• Exercise goal
All of the data is to be printed exactly, though the images must be left off.

• Excerpted records

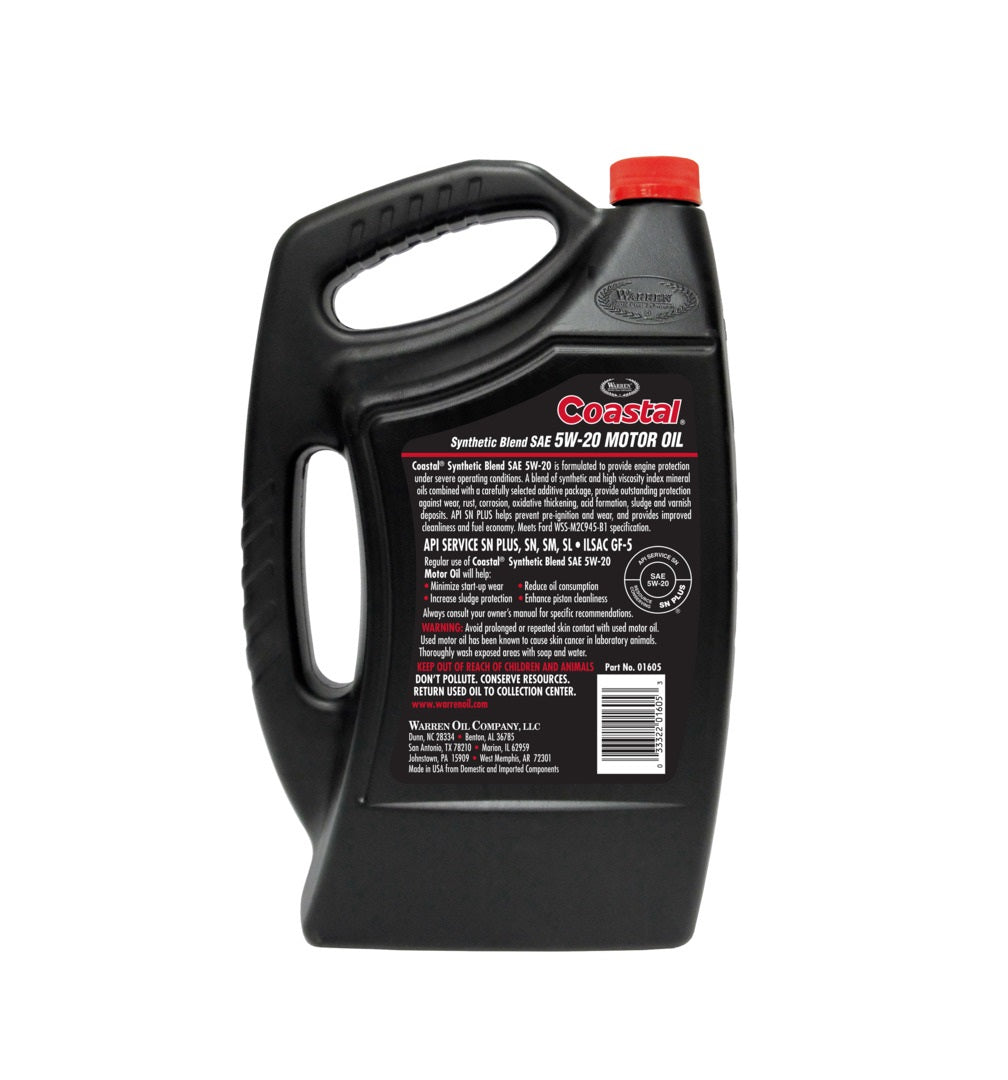 Warren 01605 Coastal Synthetic Blend SAE 5W-20 Motor Oil, 5 Quart
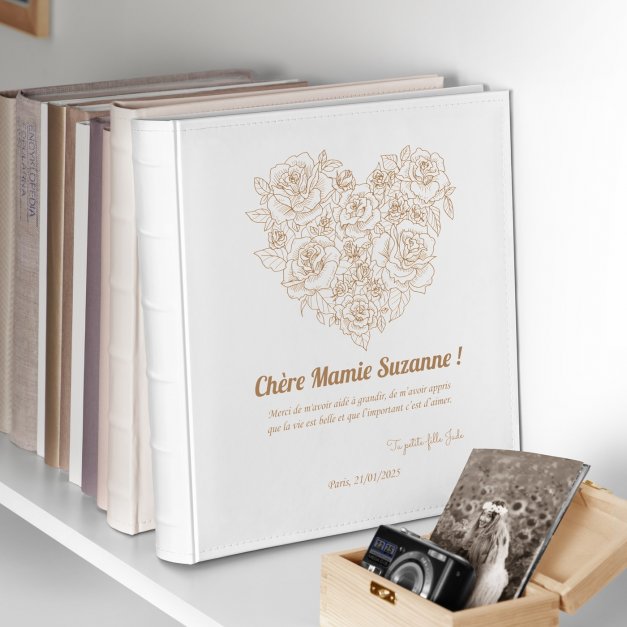 Album photo grand format avec personnalisation pour la fête des grands-mères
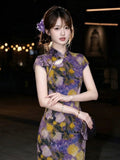 Ramona Purple Modern Cheongsam Dress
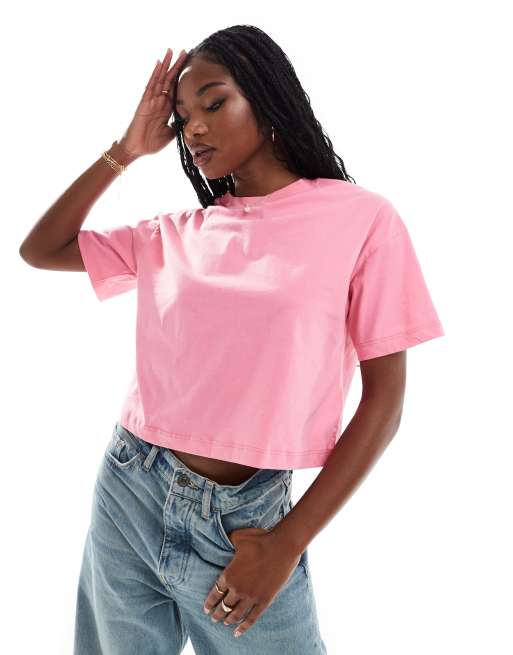 River Island – Kastiges, kurzes T-Shirt in leuchtendem Rosa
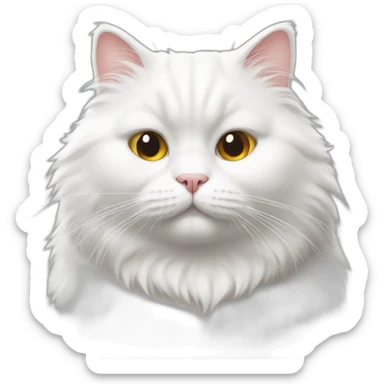 a fluffy fat white cat sticker
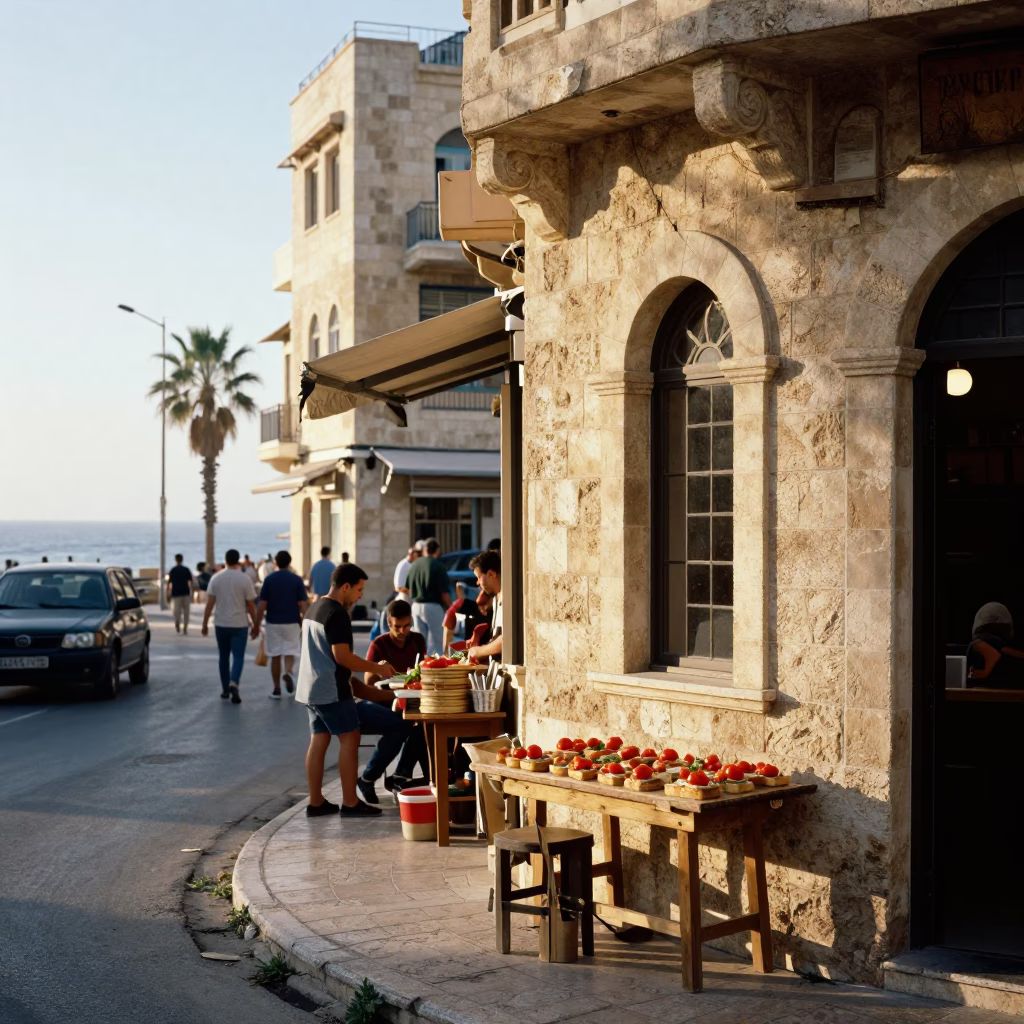 Morning Street Scene in Beirut Lebanon with Local Commerce and Coastal Light in in Beirut, Lebanon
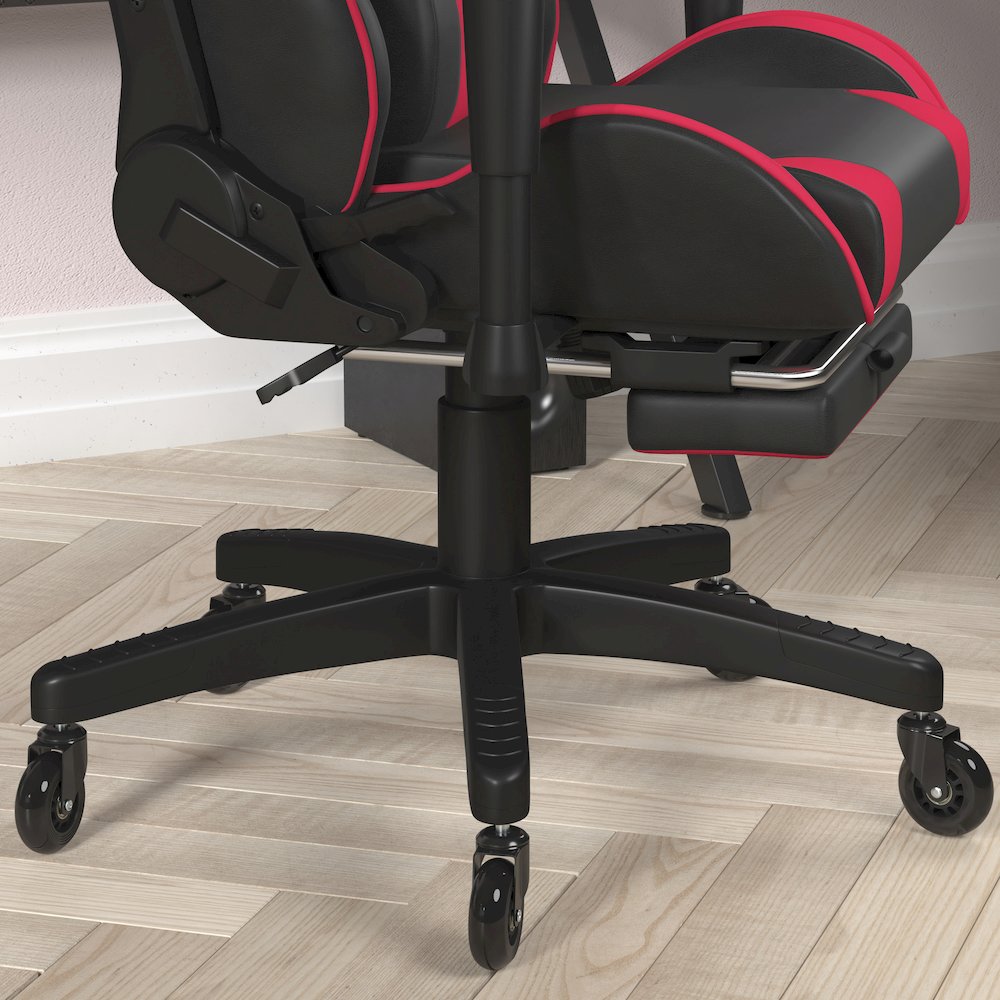 X30 Gaming Chair Racing Computer Chair with Back, Slide-Out Footrest, in Red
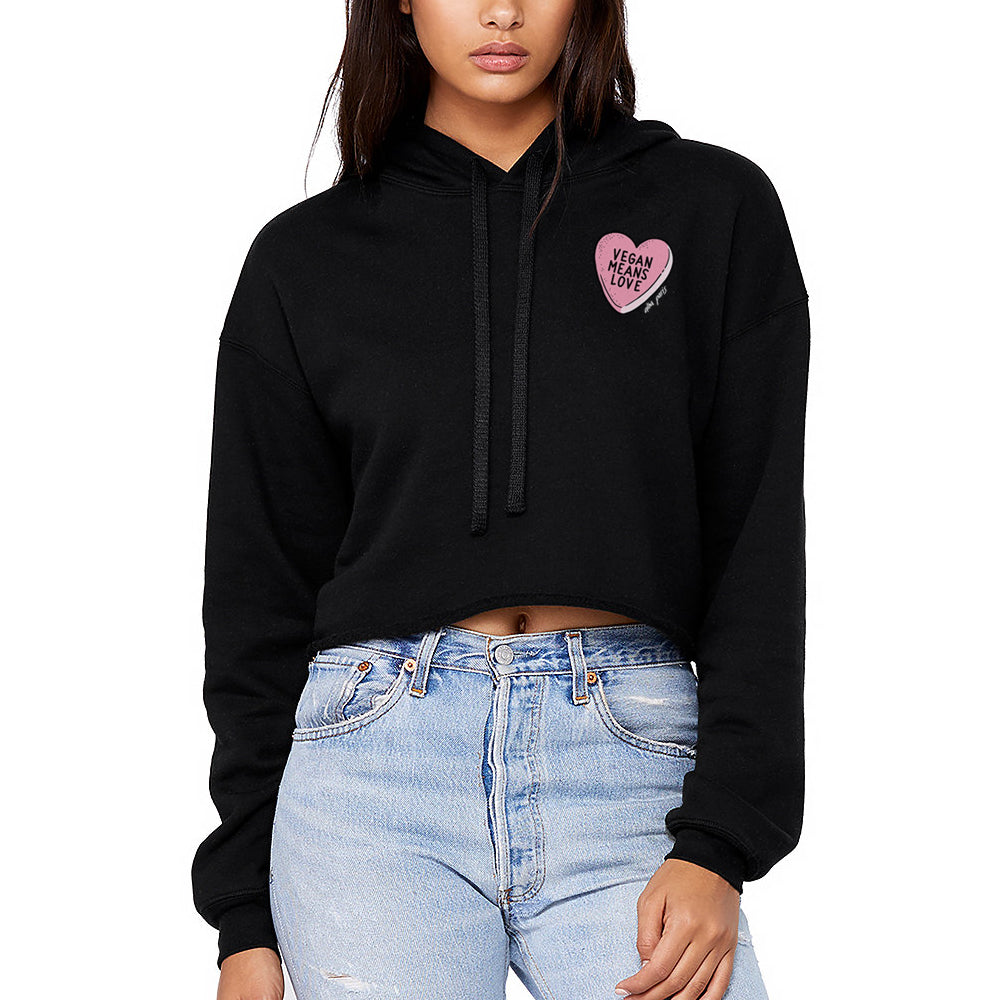 Vegan Means Love (Candy) Crop Hoodie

• Answer space
 Warren 01605 Coastal Synthetic Blend SAE 5W-20 Motor Oil, 5 Quart
 Album photo grand format avec personnalisation pour la fête des grands-mères
 Ramona Purple Modern Cheongsam Dress
 River Island – Kastiges, kurzes T-Shirt in leuchtendem Rosa
 a fluffy fat white cat sticker
 Morning Street Scene in Beirut Lebanon with Local Commerce and Coastal Light in in Beirut, Lebanon
 X30 Gaming Chair Racing Computer Chair with Back, Slide-Out Footrest, in Red
 Vegan Means Love (Candy) Crop Hoodie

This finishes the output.